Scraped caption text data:
- - - -
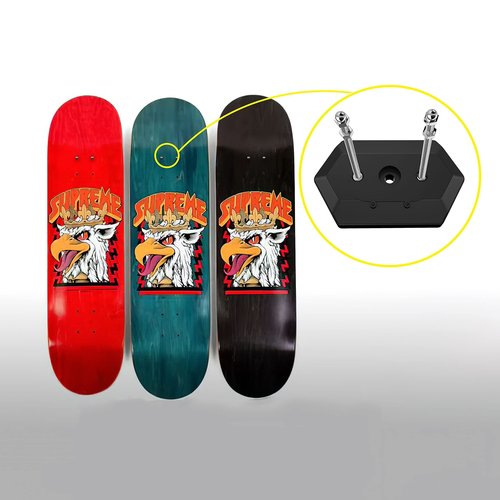 Hikeen 2 Packs Skateboard Wall Mount Skateboard Hanger for Skateboard Deck Display and Storage
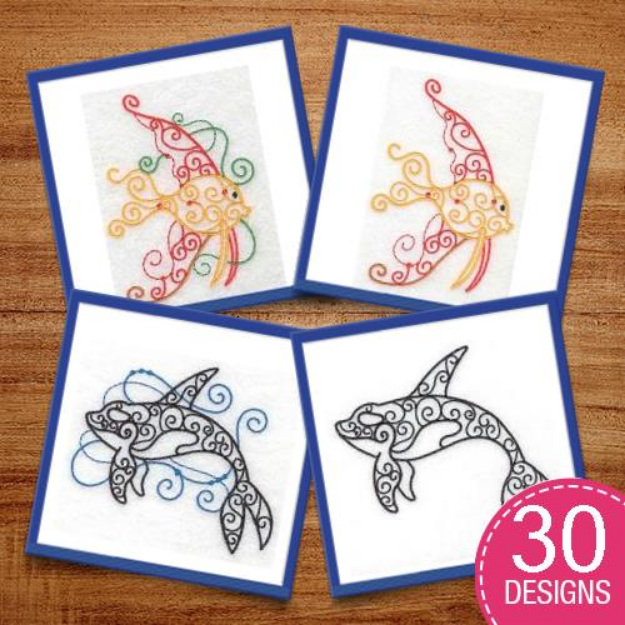 Picture of Ocean Life Embroidery Design Pack
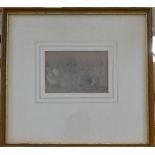 William Huggins, pencil sketch coloured drawing of cockerel and hens in wood frame ,12.5 x 8.
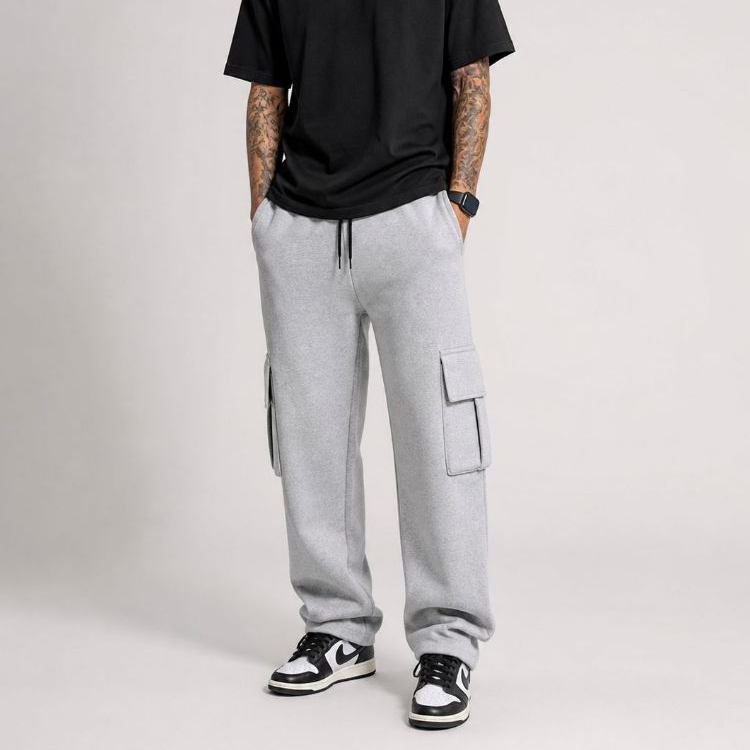 Calça Cargo Baggy de Moletom Unissex Premium Streetwear 5 Bolsos Masculino - Feminino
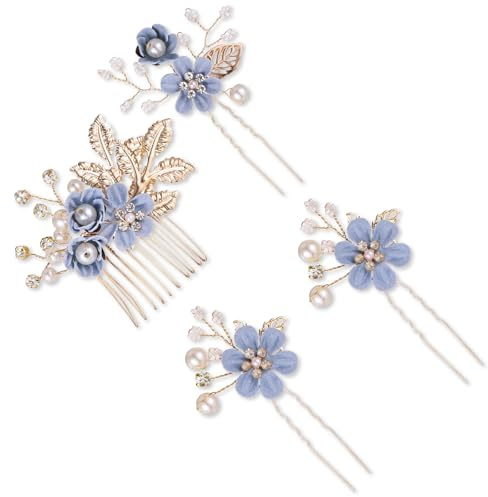 4 Stück Hochzeit Haarschmuck, Hochzeit Blau Haarschmuck Braut Haarschmuck mit Perlen Hochzeit Blumen Haarschmuck Mädchen Haarschmuck für Braut Brautjungfern Kommunion, Prom Partei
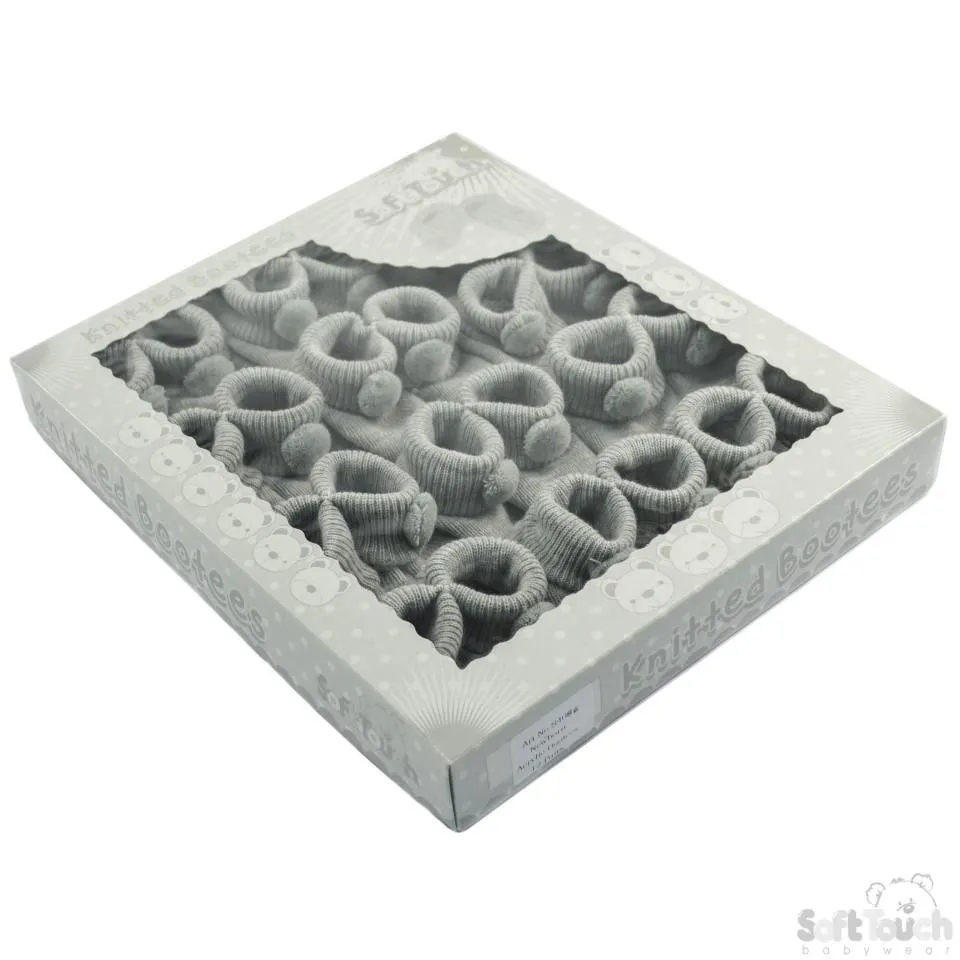 Acrylic Pom-Pom Baby Bootees Grey - S408-G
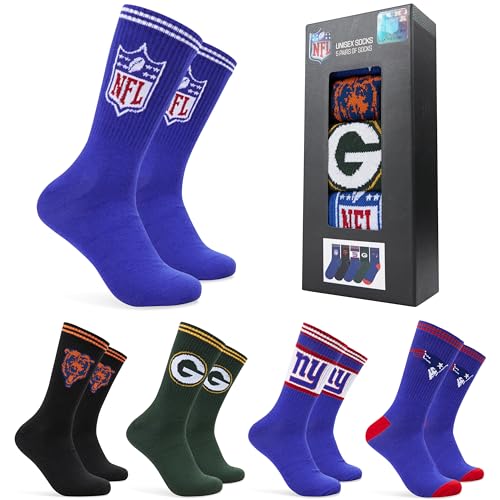 NFL Socken Herren Baumwolle, 5er Pack American Football Wintersocken Herren & Teenager Gr. 36-46 Geschenke für Männer (Mehrfarbig, 40-46 EU) von NFL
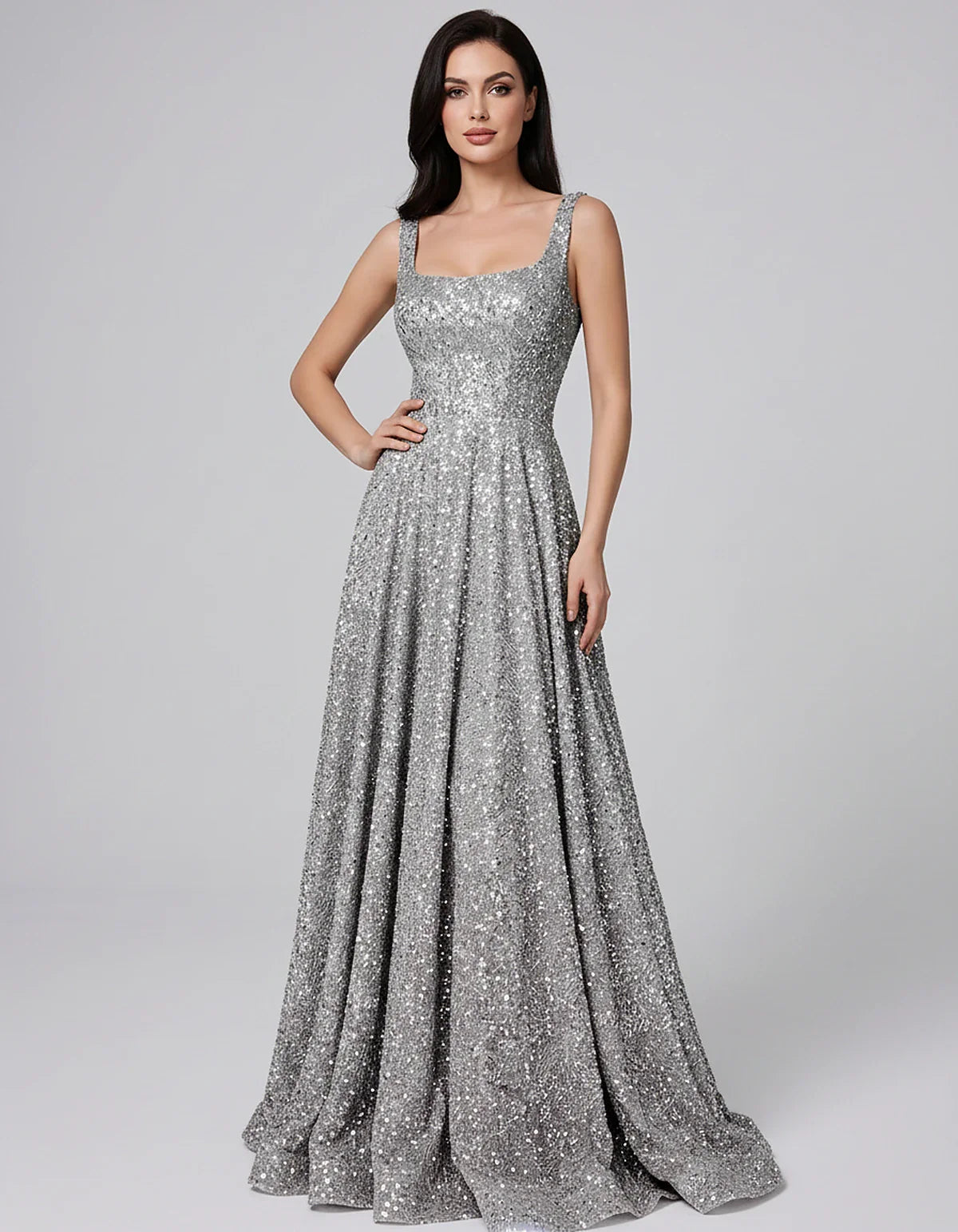 Sequin spaghetti strap square neck A-line floor length maxi dress for party, cocktail, evening, wedding guest, summer formal | SKU: SPD-482913756014582-SILVER-L,SPD-482913756014582-SILVER-M,SPD-482913756014582-SILVER-S,SPD-482913756014582-SILVER-XL,SPD-482913756014582-SILVER-XS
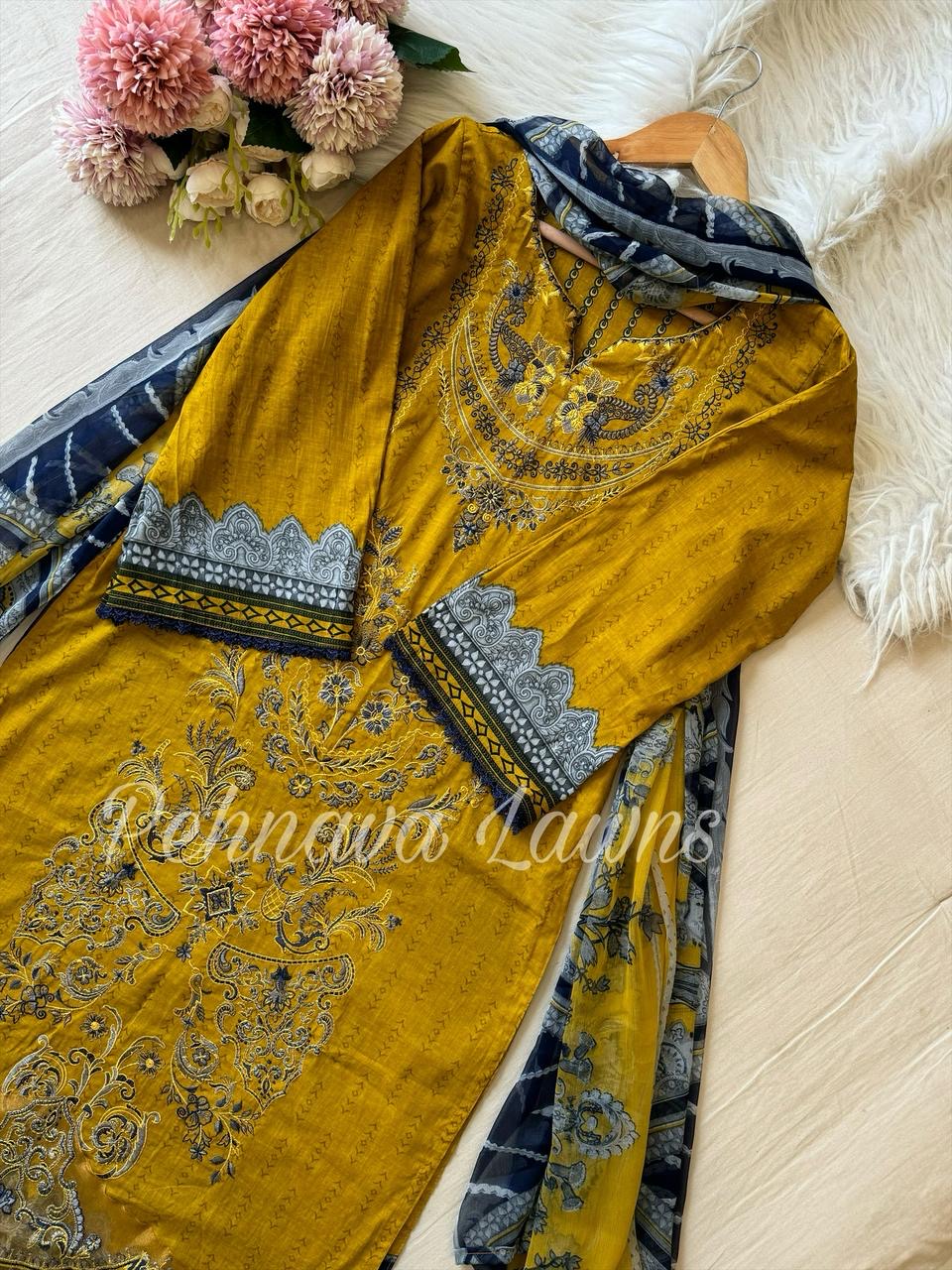 Yellow Cotton Embroidered Suit-584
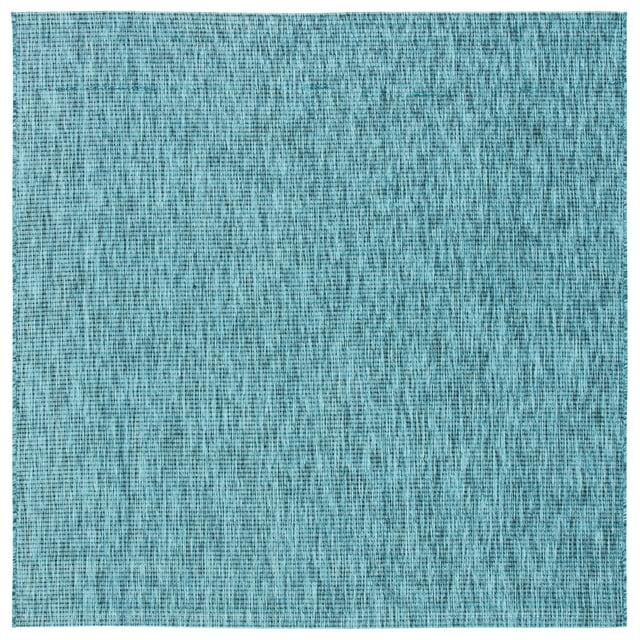 Courtyard CY8403 Power Loomed Indoor/Outdoor Area Rug - Grey/Aqua - 6'7"x6'7" - Safavieh.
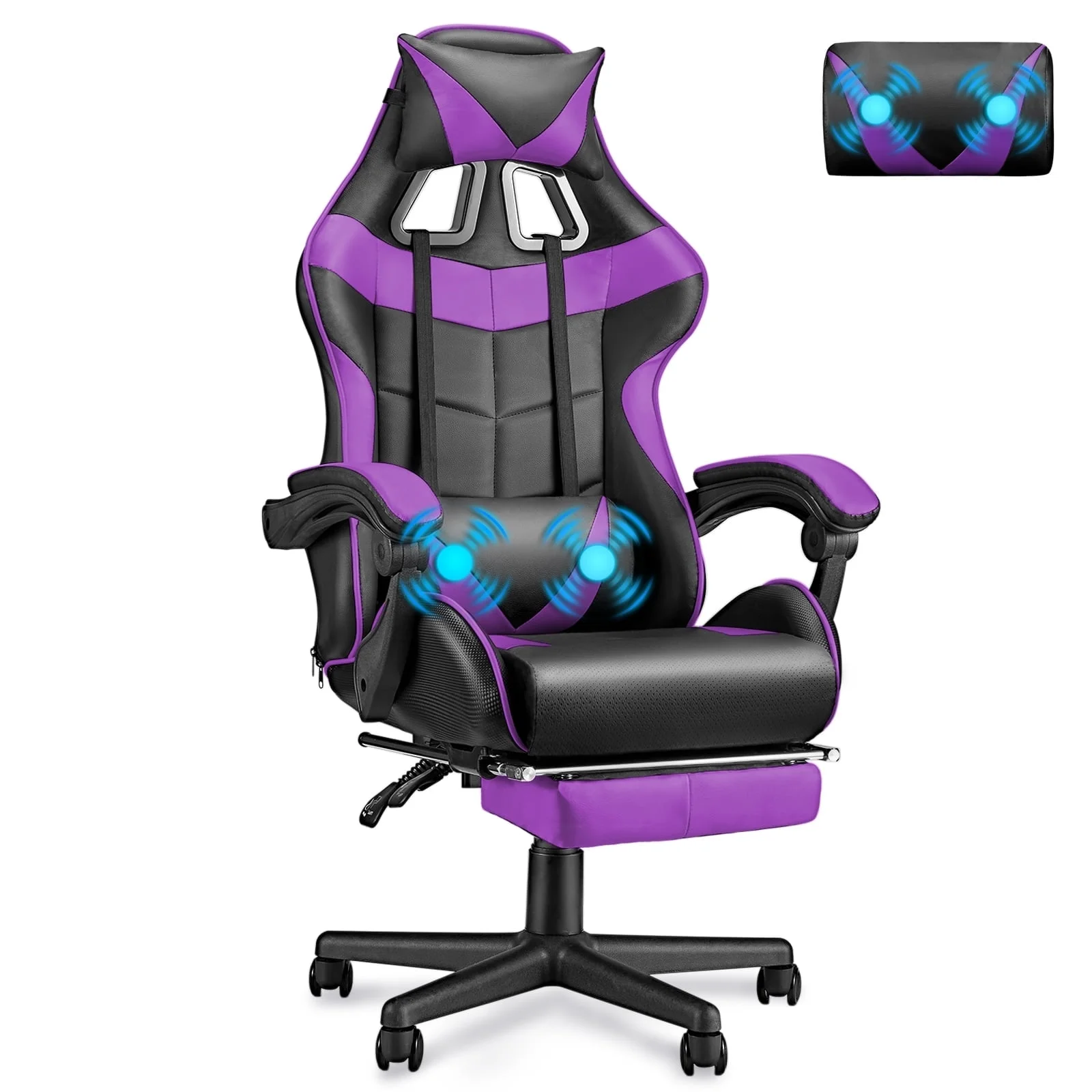 SOONTRANS Green Gaming Chair with Footrest, High Back Gamer Chair with Massage Lumbar Pillow, Gamer Computer Desk Chair (Green)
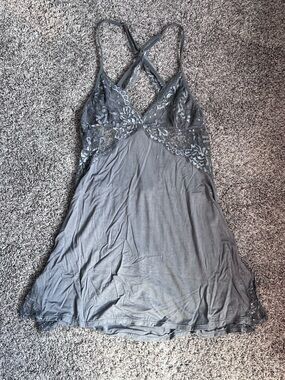 Women's Lace-Trim Chemise Nightdress - Gray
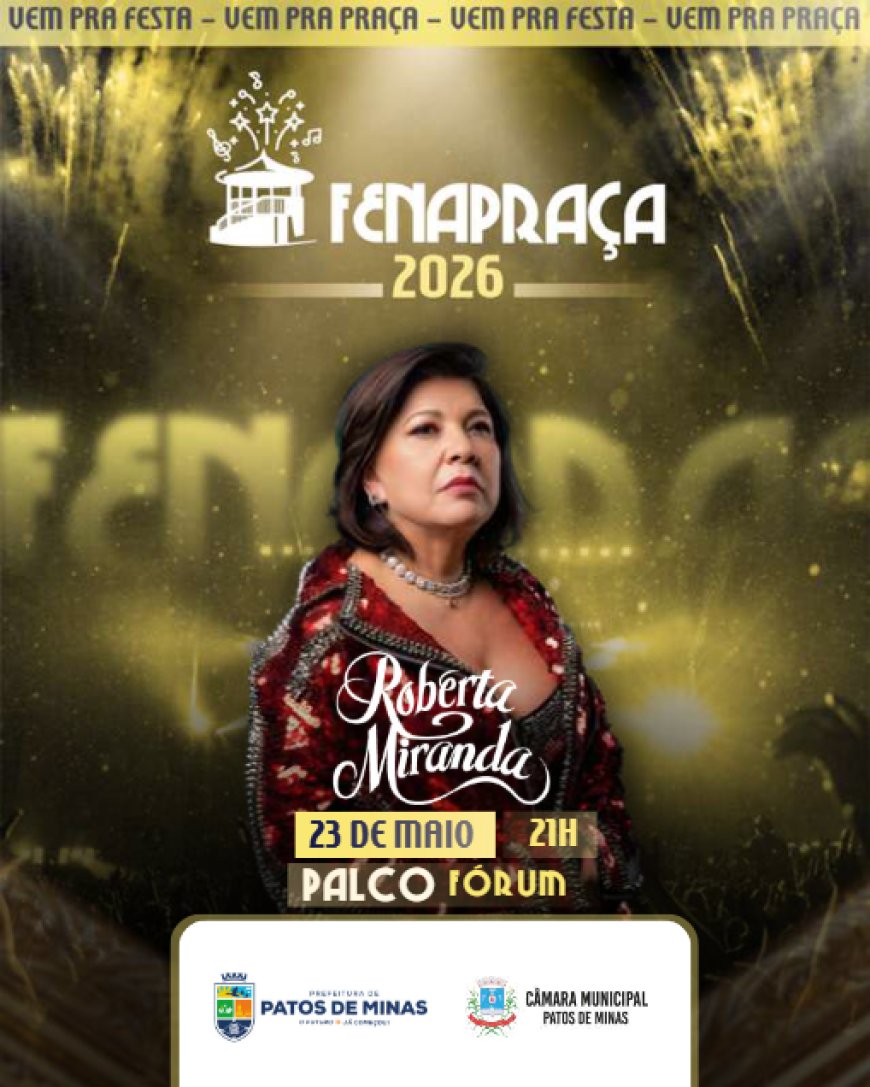 Roberta Miranda se apresenta hoje, sábado (23/5), às 21h, na Fenapraça 2026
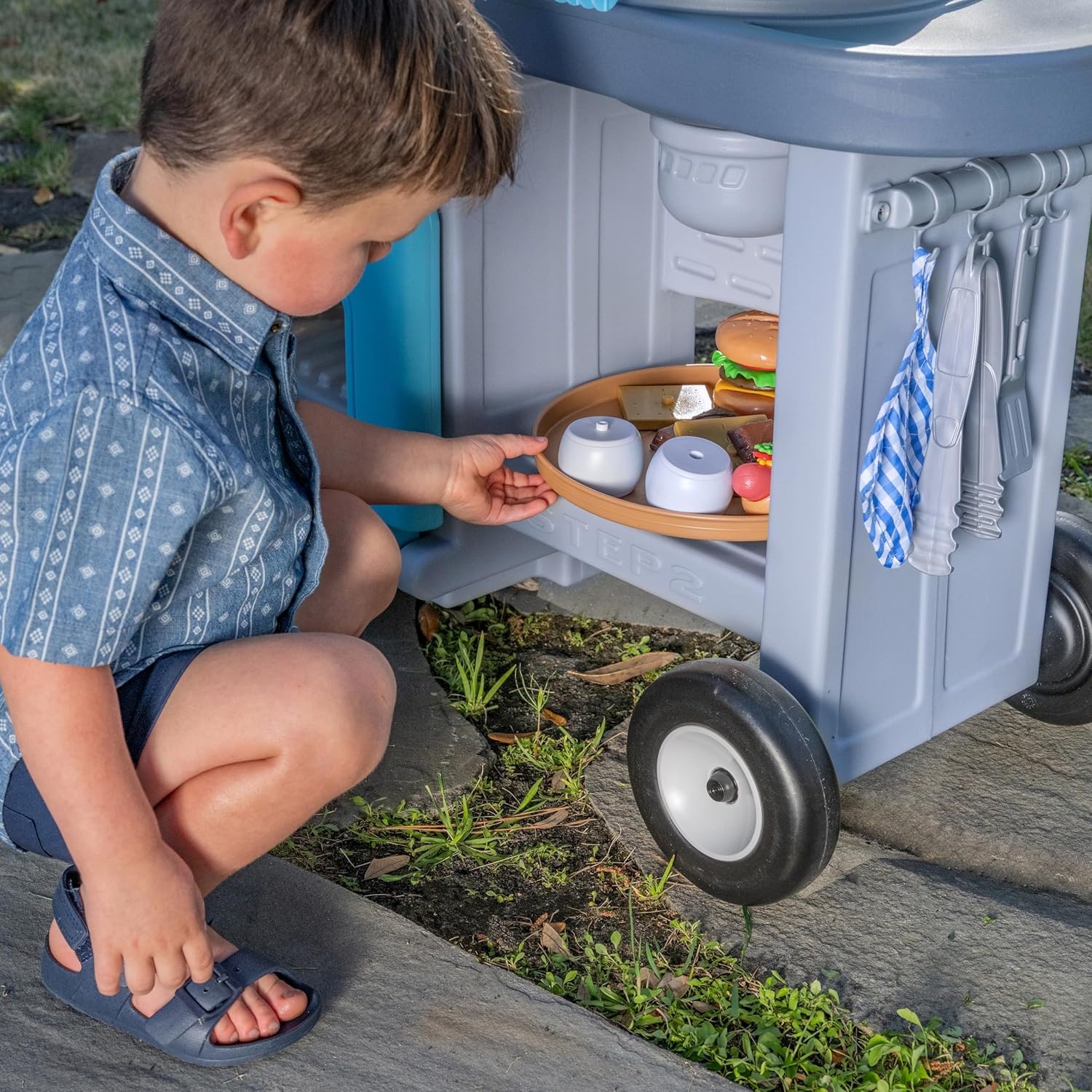 Step2 Grill & Go BBQ Cart with Lights and Sounds for Kids, Play Toy for Toddlers Ages 3+ Years Old, Durable, Easy Assembly, Blue/Gray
- - - -
*REQUIREMENT:* Could you reproduce exactly, and only, the lines from the one containing "Acrylic Pom-Pom Baby Bootees Grey - S408-G" through the end of the records above, both included, while leaving out the pictures?

*TASK ANSWER:*
 Acrylic Pom-Pom Baby Bootees Grey - S408-G
 NFL Socken Herren Baumwolle, 5er Pack American Football Wintersocken Herren & Teenager Gr. 36-46 Geschenke für Männer (Mehrfarbig, 40-46 EU) von NFL
 Sequin spaghetti strap square neck A-line floor length maxi dress for party, cocktail, evening, wedding guest, summer formal | SKU: SPD-482913756014582-SILVER-L,SPD-482913756014582-SILVER-M,SPD-482913756014582-SILVER-S,SPD-482913756014582-SILVER-XL,SPD-482913756014582-SILVER-XS
 Yellow Cotton Embroidered Suit-584
 Courtyard CY8403 Power Loomed Indoor/Outdoor Area Rug - Grey/Aqua - 6'7"x6'7" - Safavieh.
 SOONTRANS Green Gaming Chair with Footrest, High Back Gamer Chair with Massage Lumbar Pillow, Gamer Computer Desk Chair (Green)
 Women's Lace-Trim Chemise Nightdress - Gray
 Roberta Miranda se apresenta hoje, sábado (23/5), às 21h, na Fenapraça 2026
 Step2 Grill & Go BBQ Cart with Lights and Sounds for Kids, Play Toy for Toddlers Ages 3+ Years Old, Durable, Easy Assembly, Blue/Gray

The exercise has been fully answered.